Sunday, February 16, 2014

Best Picture Winners 1950 -1954


1950 - The winner was All About Eve, and the other nominees were Born Yesterday, Father of the Bride, King Solomon's Mines and Sunset Blvd. B pictures for years to come would be thankful to King Solomon for supplying location footage to steal. FotB and BY provide excellent show cases for Judy Holiday and Elizabeth Taylor, respectively. But Sunset is the film that is arguably better than Eve. But they're both great, so this was a good pick by the Academy.

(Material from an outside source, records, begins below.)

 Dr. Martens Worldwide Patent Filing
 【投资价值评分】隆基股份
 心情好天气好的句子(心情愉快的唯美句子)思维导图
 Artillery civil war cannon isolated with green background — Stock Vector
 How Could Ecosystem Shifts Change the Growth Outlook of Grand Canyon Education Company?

1951 - The winner was An American in Paris and the other nominees were Decision Before Dawn, A Place in the Sun, Quo Vadis and Streetcar Named Desire. I'm a big fan of Gene Kelly musicals, but Paris is not nearly as fun as Singin' in the Rain or On the Town, or even lesser films like The Pirate and Take Me Out to the Ballgame. Of the nominees, Streetcar probably deserved to win just for introducing the method acting of Brando to the screen. The real scandal was the films not even nominated that year: The African Queen, Strangers on a Train, Scrooge and The Day the Earth Stood Still.

1952 - The Greatest Show on Earth won and is often correctly cited as one of the worst Oscar picks. The hokey circus tale hasn't held up well, but nominees Ivanhoe and Moulin Rouge haven't held up particularly well either. Most say nominee High Noon should have won, but I would have gone with nominee The Quiet Man.

1953 - The winner was From Here to Eternity and the other nominees were Julius Caesar, The Robe, Roman Holiday and Shane. A decent Best Picture choice.

1954 - The winner was On the Waterfront, and the other nominees were The Caine Mutiny, The Country Girl, Seven Brides for Seven Brothers and Three Coins in the Fountain. I love Seven Brides, but it has its weak patches. Three Coins is pretty bad. This was an another decent best choice. (But the best film made this year was Hitchcock's Rear Window.)

So for this stretch, 3 out of 5 weren't bad.